MPDIoU: A Loss for Efficient and Accurate Bounding Box Regression
Siliang Ma, Yong Xu
TL;DR
The paper addresses the limitations of existing bounding box regression losses that fail to differentiate predictions sharing the same aspect ratio but differing in width and height. It introduces MPDIoU, a minimum points distance–based IoU-like metric for axis-aligned boxes, and defines the regression loss $L_{MPDIoU}=1-MPDIoU$, aiming to improve convergence and localization accuracy. Through extensive experiments, MPDIoU-based losses applied to state-of-the-art models (e.g., YOLOv7 and YOLACT) on datasets such as PASCAL VOC, MS COCO, IIIT5k, and MTHv2 show faster convergence and superior accuracy across object detection, instance segmentation, and scene text spotting.
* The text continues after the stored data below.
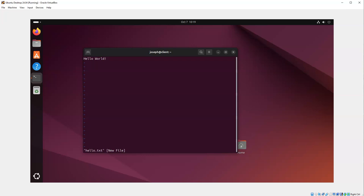Then I can type ':w' for write, or ':wq' for write then quit. I'm going to do ':q' for quit. If I've made a modification and want to quit without saving, I can do ':q!' to quit like that.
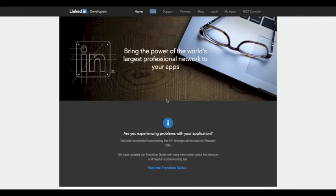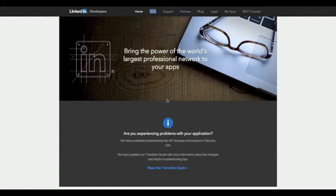Hi y'all, this is a video tutorial demonstrating how to integrate the LinkedIn REST API with an iOS application. The reason I started this is because I was wondering how to post comments on LinkedIn, as well as Facebook and Twitter. There are a couple of tutorials for Facebook and Twitter, but I don't see many tutorials for LinkedIn integration in iOS.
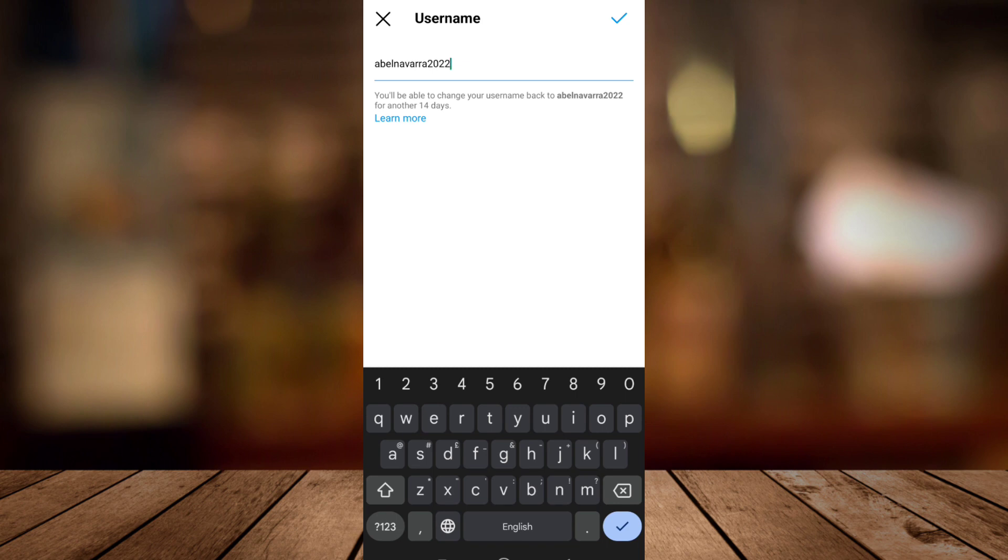So same here on the username, you'll be able to change your username back on the same username for another 14 days.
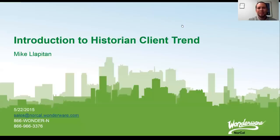Hi, my name is Mike Lapitan with Wonderware NorCal. Thanks for joining us for our video introduction to historian client trend.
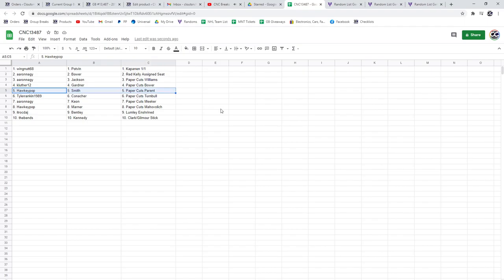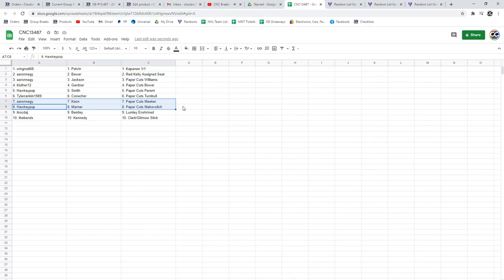Hockey Pop gets the Smith base with the Perrant paper cuts. Tyler Reichen the Conacher base with the Turnbull paper cuts. Aaron the Keon with the paper cuts of Meeker. Hockey Pop the Marner with the paper cuts of Mahabalic.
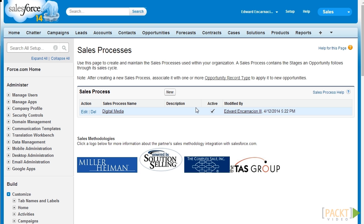Let's click on Save to finalize it. We have just created our custom sales process specifically tailored for digital media products. After creating our sales process, it's not enough — we need to create a record type and assign that sales process to it. Every time a new opportunity is created with a record type equal to Digital Media, we want to enable the sales process Digital Media for that particular opportunity. As a recap, we discussed the creation of record types in video 2 of section 3.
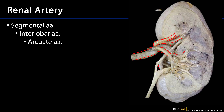Here we can see an example: there's an interlobar artery moving up alongside the pyramid, and as it rounds the corner transitioning between the pyramid and the renal column and the cortical arch, it becomes the arcuate arteries. The arcuate arteries are grossly visible but can be very difficult to see unless you have the dissection just right. It can be difficult to differentiate arcuate arteries from arcuate veins at a gross level, especially when they're transversely cut at this resolution.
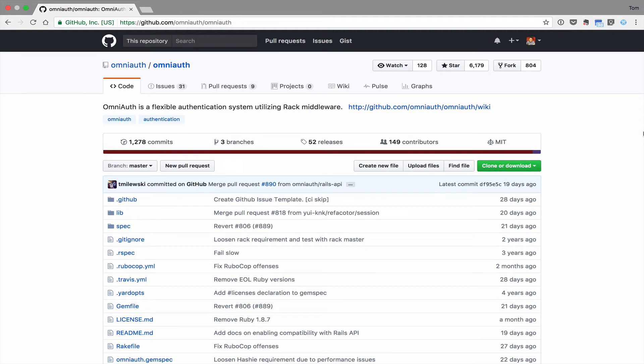In this screencast, I'm going to be talking about using OmniAuth for authentication in a Rails application. In previous screencasts, I talked about how the OAuth 2.0 protocol can be used for authentication. In this screencast, I'll continue with that theme as I'll be using an OAuth 2.0 strategy for authenticating with OmniAuth.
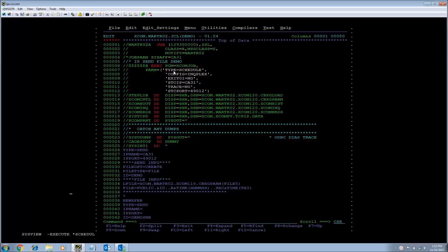In this job, it will schedule two transfers, one IP and one via SNA to my XCOM wart server that will dispatch the transfers.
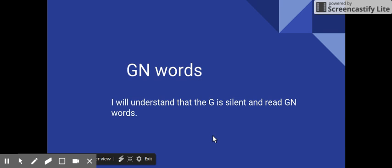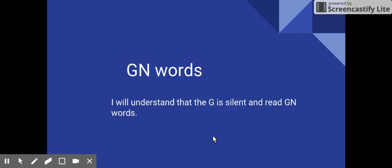Today we will be learning about GN words. When you see a GN word, the G is silent and just says the N sound. I will understand that the G is silent and read GN words with the sound N.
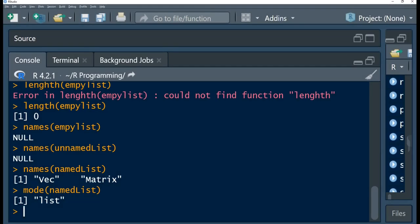Now let us look at subscripting lists. We have two types of list subscripting that we can perform. First, we can create a subset of the list where we return a shorter list, or we can reference a single element within the list. We use square brackets where we pass in inputs, and those inputs can be blank, a vector of positive integers, negative integers, logical values, or even character values.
The work presents MPDIoU as a practical, unified loss for 2D bounding box regression with potential extension to non-axis-aligned 3D cases in future research.
Abstract
Bounding box regression (BBR) has been widely used in object detection and instance segmentation, which is an important step in object localization. However, most of the existing loss functions for bounding box regression cannot be optimized when the predicted box has the same aspect ratio as the groundtruth box, but the width and height values are exactly different. In order to tackle the issues mentioned above, we fully explore the geometric features of horizontal rectangle and propose a novel bounding box similarity comparison metric MPDIoU based on minimum point distance, which contains all of the relevant factors considered in the existing loss functions, namely overlapping or non-overlapping area, central points distance, and deviation of width and height, while simplifying the calculation process. On this basis, we propose a bounding box regression loss function based on MPDIoU, called LMPDIoU . Experimental results show that the MPDIoU loss function is applied to state-of-the-art instance segmentation (e.g., YOLACT) and object detection (e.g., YOLOv7) model trained on PASCAL VOC, MS COCO, and IIIT5k outperforms existing loss functions.